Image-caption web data

----------------------------------------

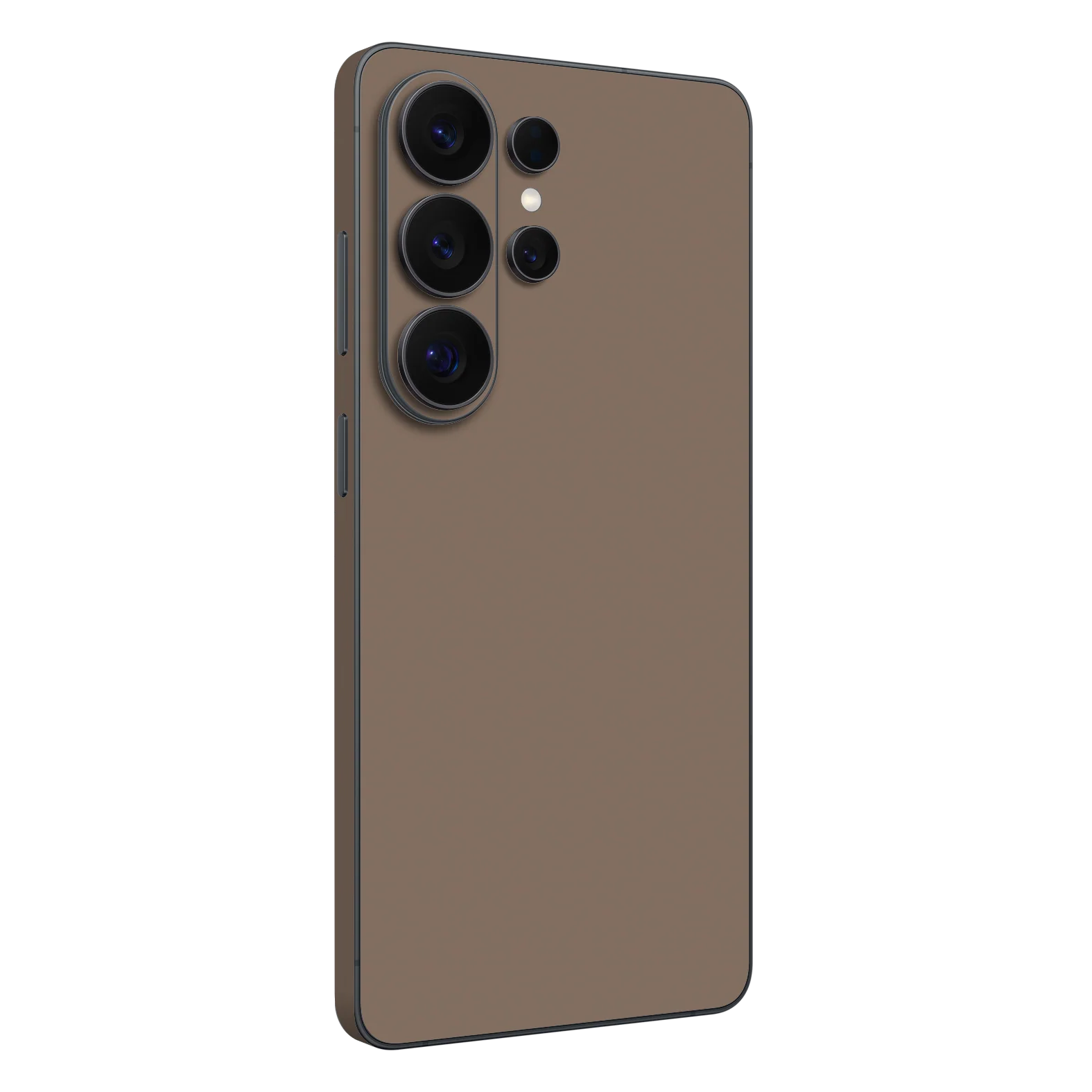Samsung Galaxy S26 ULTRA Soft-Touch MOCHA Taupe StealthMatte Skin
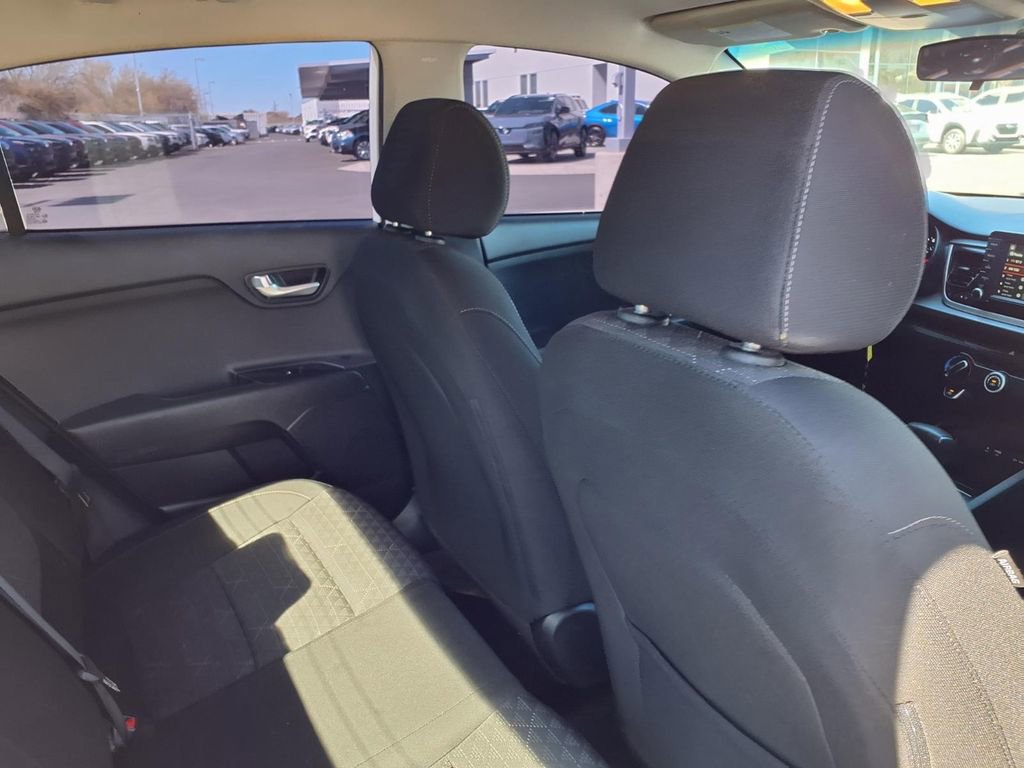 Used 2020 Kia Rio LX image 21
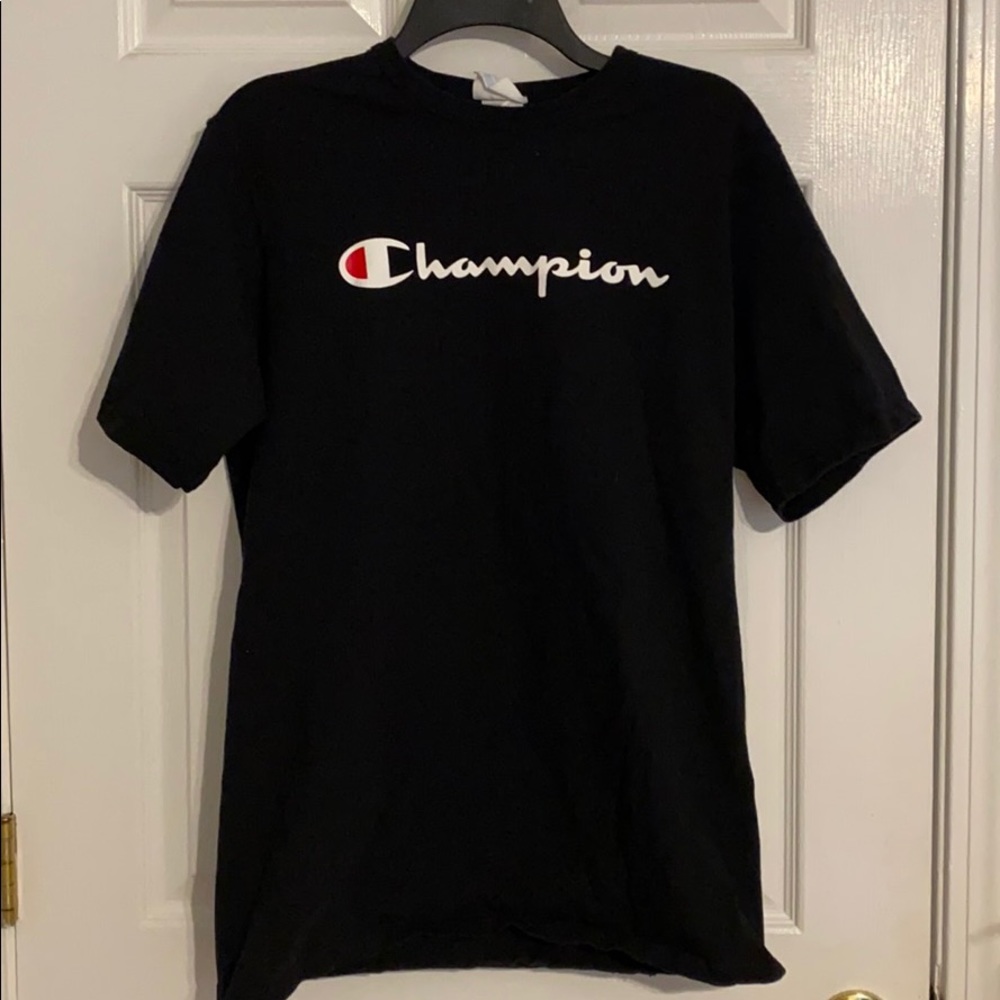Champion Shirt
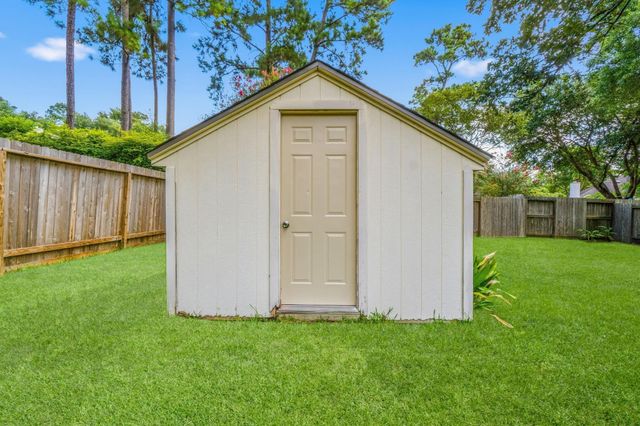 118 S Merryweather Circle, The Woodlands, TX 77384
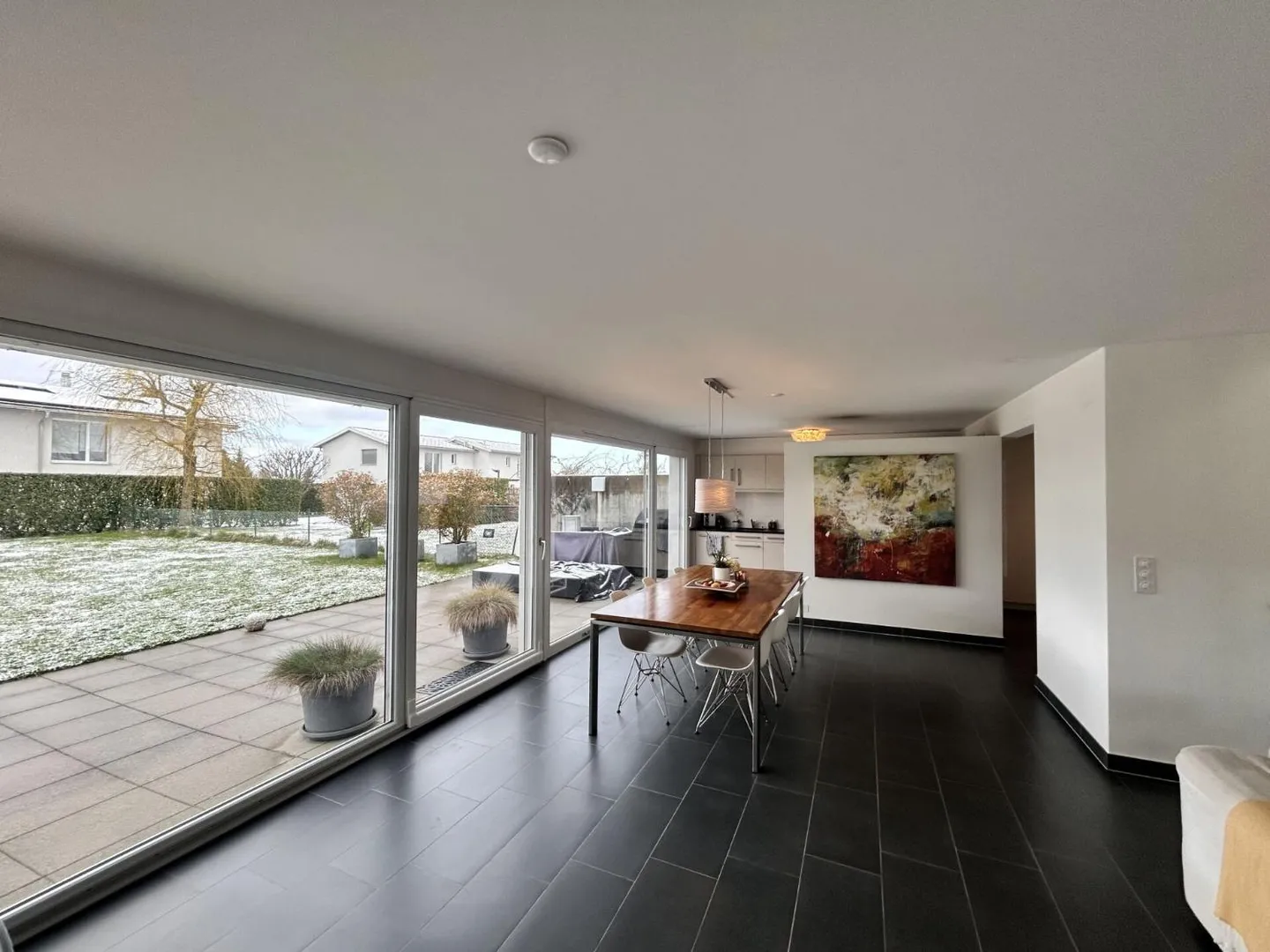 Geräumige Villa in Savigny - Foto 7 von 13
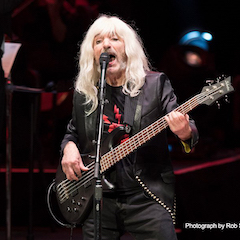 Derek Smalls：佰利乐让我乐不思蜀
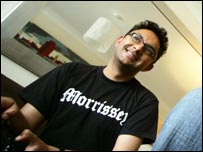 Sathnam Sanghera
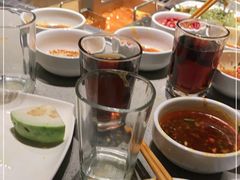 -海底捞火锅(北京路店)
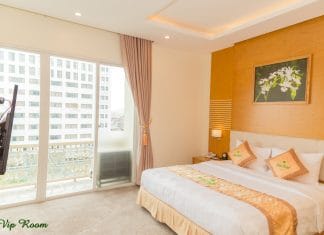Bỏ túi ngay bí kíp phân biệt hạng phòng Superior và Deluxe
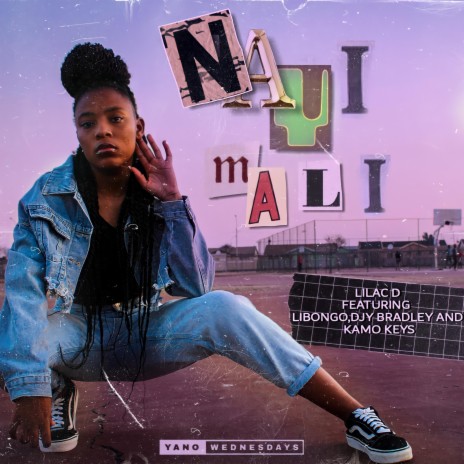 Nayi Mali ft. Libongo, Djy Bradley & Kamo KeYz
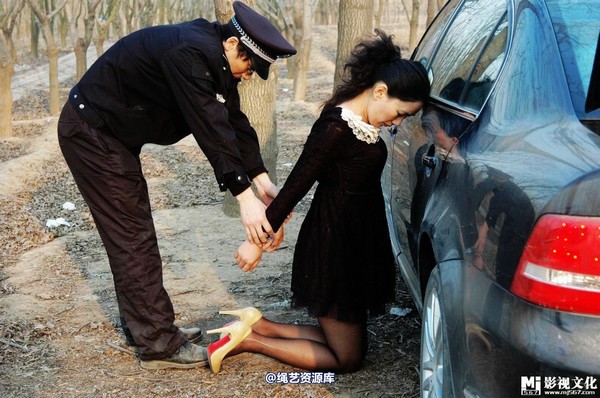 mj影视 - 惊天第一案－雇凶杀人犯梅晓春 第 45 张图片
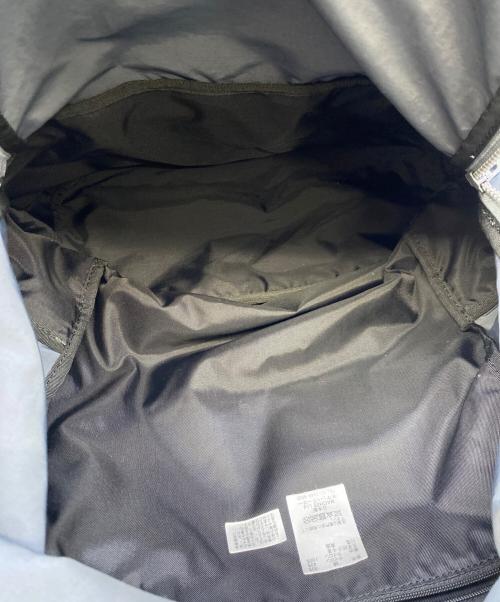 mach55（マッハゴーゴー）mach55 (マッハゴーゴー) MASTER&CO. (マスターアンドコー) DAY PACK グレーの古着・服飾アイテム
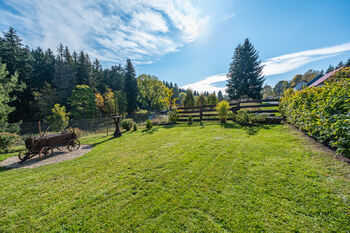 Prodej chaty / chalupy 200 m², Kryštofovy Hamry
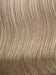 G20+ WHEAT MIST | Medium neutral blonde base w/ light blonde highlights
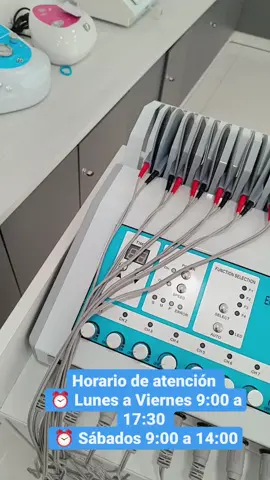 Gimnasia pasiva #parati #Dermaliamagaly #ecuador🇪🇨 #foryoupage 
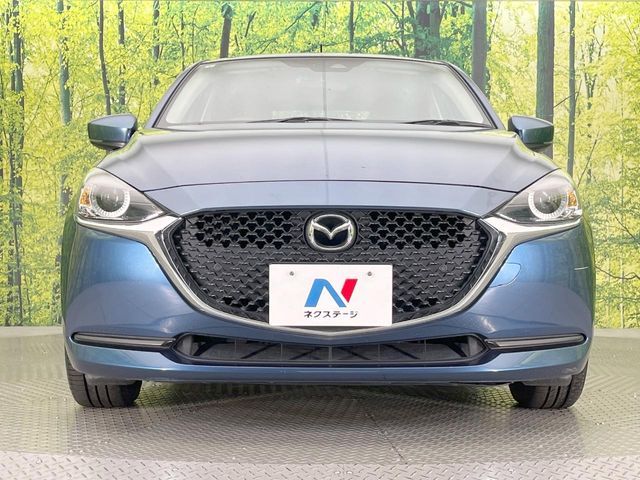 MAZDA2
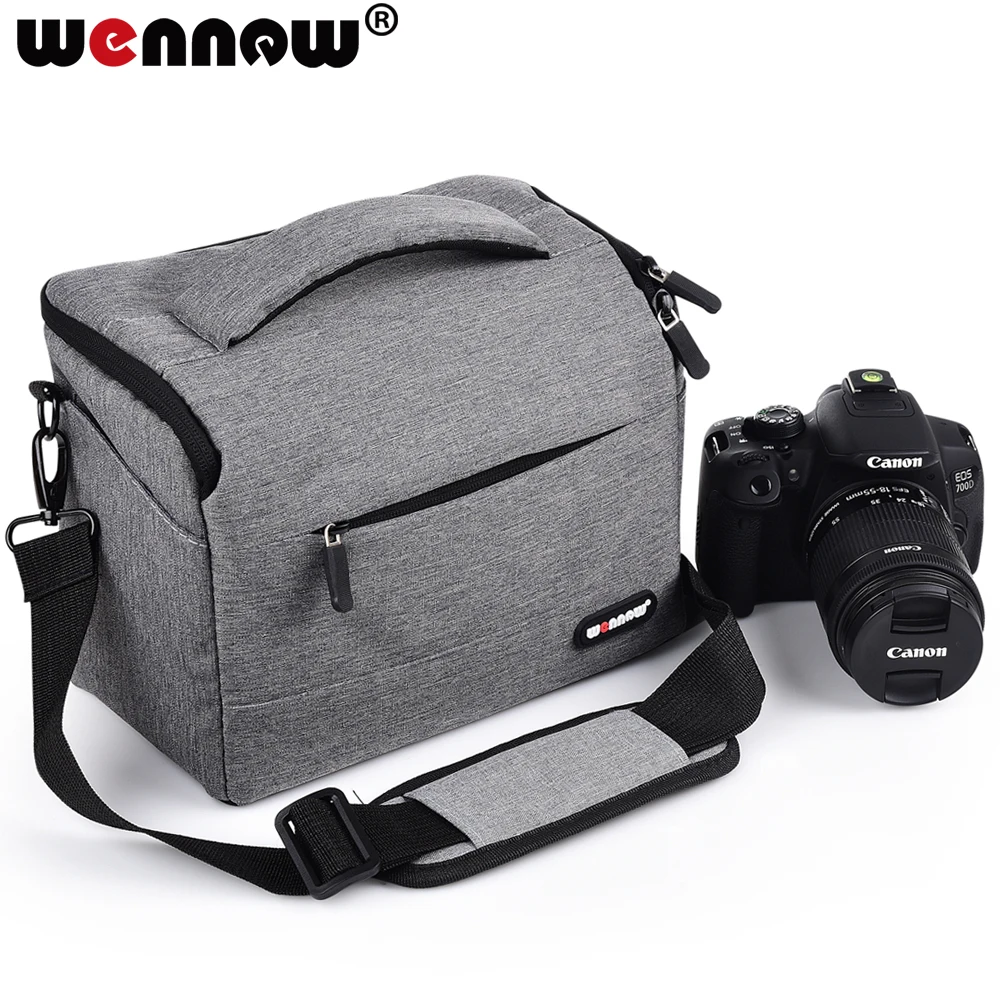 Чехол Wennew для цифровой камеры Panasonic Lumix GH5 S GH4 GH3 S1 S1R FZ2500 FZ1000 FZ70 FZ82 FZ80 G99 G95 G9 G8 G80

----------------------------------------

- **Problem description**:
Transcribe all of the data above verbatim but omit every picture.

- **Completed task**:
Samsung Galaxy S26 ULTRA Soft-Touch MOCHA Taupe StealthMatte Skin
 Used 2020 Kia Rio LX image 21
Champion Shirt
 118 S Merryweather Circle, The Woodlands, TX 77384
 Geräumige Villa in Savigny - Foto 7 von 13
 Derek Smalls：佰利乐让我乐不思蜀
 Sathnam Sanghera
 -海底捞火锅(北京路店)
Bỏ túi ngay bí kíp phân biệt hạng phòng Superior và Deluxe
 Nayi Mali ft. Libongo, Djy Bradley & Kamo KeYz
 mj影视 - 惊天第一案－雇凶杀人犯梅晓春 第 45 张图片
 mach55（マッハゴーゴー）mach55 (マッハゴーゴー) MASTER&CO. (マスターアンドコー) DAY PACK グレーの古着・服飾アイテム
 Prodej chaty / chalupy 200 m², Kryštofovy Hamry
 G20+ WHEAT MIST | Medium neutral blonde base w/ light blonde highlights
 Gimnasia pasiva #parati #Dermaliamagaly #ecuador🇪🇨 #foryoupage 
 MAZDA2
 Чехол Wennew для цифровой камеры Panasonic Lumix GH5 S GH4 GH3 S1 S1R FZ2500 FZ1000 FZ70 FZ82 FZ80 G99 G95 G9 G8 G80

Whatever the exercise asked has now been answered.